April 04, 2011

Chapter plan

1. Developing human intelligence through epistemographically1-smart design.

1.1 A vision of meaningful success in higher education.

How knowledge, meaning and experience are intimately linked. A brief social and technical history of higher education and academic knowledge, from 11th Century Bologna through to Boyer and beyond. Capitalism and the hyper-enrichment of experience and opportunity. What might be meaningful success in 21st Century higher education?

1.2 Dewey and the experiential turn in the philosophy of education.

1.3 Kolb's Experiential Learning and the weakness of its constructivism.

1.4 Shifting the perspective to emergent epistemic systems and their instruments of experience.

1.5 Evidence from the study of human and non-human emergent epistemic systems.

1.5.1 Learning from robots: situated, embedded and extended cognition (and why robots don’t do art). 

1.5.2 Learning from biology: dynamic, emergent systems and cognition (and why swarms don’t think).

1.5.3 Learning from artists and performers.

1.5.4 Learning from societies: language games, actor-network-theory, reflexivity and cognition (and why humans are creative thinkers).

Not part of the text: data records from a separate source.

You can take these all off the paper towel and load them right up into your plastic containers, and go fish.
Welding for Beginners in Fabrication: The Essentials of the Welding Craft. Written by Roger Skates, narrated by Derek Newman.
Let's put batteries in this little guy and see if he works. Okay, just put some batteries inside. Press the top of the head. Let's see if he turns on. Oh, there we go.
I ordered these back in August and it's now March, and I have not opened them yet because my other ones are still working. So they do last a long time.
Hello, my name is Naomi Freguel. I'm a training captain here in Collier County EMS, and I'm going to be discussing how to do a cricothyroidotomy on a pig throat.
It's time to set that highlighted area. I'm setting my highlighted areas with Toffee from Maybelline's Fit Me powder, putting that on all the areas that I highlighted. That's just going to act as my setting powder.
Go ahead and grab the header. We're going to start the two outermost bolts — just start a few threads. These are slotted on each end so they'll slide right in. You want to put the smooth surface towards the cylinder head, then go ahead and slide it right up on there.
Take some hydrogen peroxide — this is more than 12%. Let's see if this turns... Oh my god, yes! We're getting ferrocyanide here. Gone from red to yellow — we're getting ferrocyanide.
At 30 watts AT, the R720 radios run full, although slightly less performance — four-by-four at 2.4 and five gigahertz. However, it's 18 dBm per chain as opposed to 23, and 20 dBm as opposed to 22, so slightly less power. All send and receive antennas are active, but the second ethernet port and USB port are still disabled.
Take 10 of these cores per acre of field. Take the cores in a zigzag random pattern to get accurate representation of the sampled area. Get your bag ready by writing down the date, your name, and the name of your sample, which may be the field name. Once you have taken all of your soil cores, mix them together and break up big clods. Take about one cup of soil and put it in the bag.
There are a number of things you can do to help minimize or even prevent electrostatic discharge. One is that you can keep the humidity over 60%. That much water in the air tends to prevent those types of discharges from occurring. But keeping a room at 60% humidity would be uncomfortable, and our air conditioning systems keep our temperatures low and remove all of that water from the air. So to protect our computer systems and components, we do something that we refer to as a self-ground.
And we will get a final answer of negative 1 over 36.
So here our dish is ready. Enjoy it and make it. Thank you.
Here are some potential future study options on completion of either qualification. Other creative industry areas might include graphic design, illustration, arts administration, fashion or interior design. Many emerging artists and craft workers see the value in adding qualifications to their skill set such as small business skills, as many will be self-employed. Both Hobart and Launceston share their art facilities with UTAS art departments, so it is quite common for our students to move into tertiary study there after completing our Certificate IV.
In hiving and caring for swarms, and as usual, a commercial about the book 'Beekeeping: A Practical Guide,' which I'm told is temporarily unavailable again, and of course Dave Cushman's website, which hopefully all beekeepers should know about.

1.6 Epistemographically-smart instruments of experience.

1.7 Epistemographically-smart teaching and learning.

2. Case studies from arts and humanities higher education.

2.1 A field guide to observing “epistemographically-smart teaching and learning”.

2.2 Why arts and humanities?

2.3 Knowing Shakespeare (English Literature, Theatre Studies).

2.4 Finding your authorial voice (Creative Writing).

2.5 How common is this kind of teaching and learning?

2.6 Design as a methodology for enhancing teaching and learning.

3. Design thinking: developing intelligent products, services and communities.

3.1 What is design? What is design thinking?

3.2 Industrial design, experience design, sustainable and durable design.

3.3 What is meant by “non-trivial” or “wicked” problems.

3.5 The epistemographic dimension of "wicked" problems and solutions.

3.4 IDEO, participatory interaction design and the Three Spaces approach.

4. Examples of synergies between humanities education and design thinking.

4.1 Creative projects in English and Comparative Literary Studies.

4.2 Creative projects in Theatre Studies.

5. Experiments using design thinking in humanities education.

5.1 Design thinking based film making.

5.2 IDEO cards.

6. Conclusion: design thinking – an effective method for epistemographically-smart teaching and learning?



1 Epistemography: a description of what, in a given context, constitutes knowledge, how it is produced, shared and used (as opposed to an epistemology, a description of the necessary logical structure of knowledge).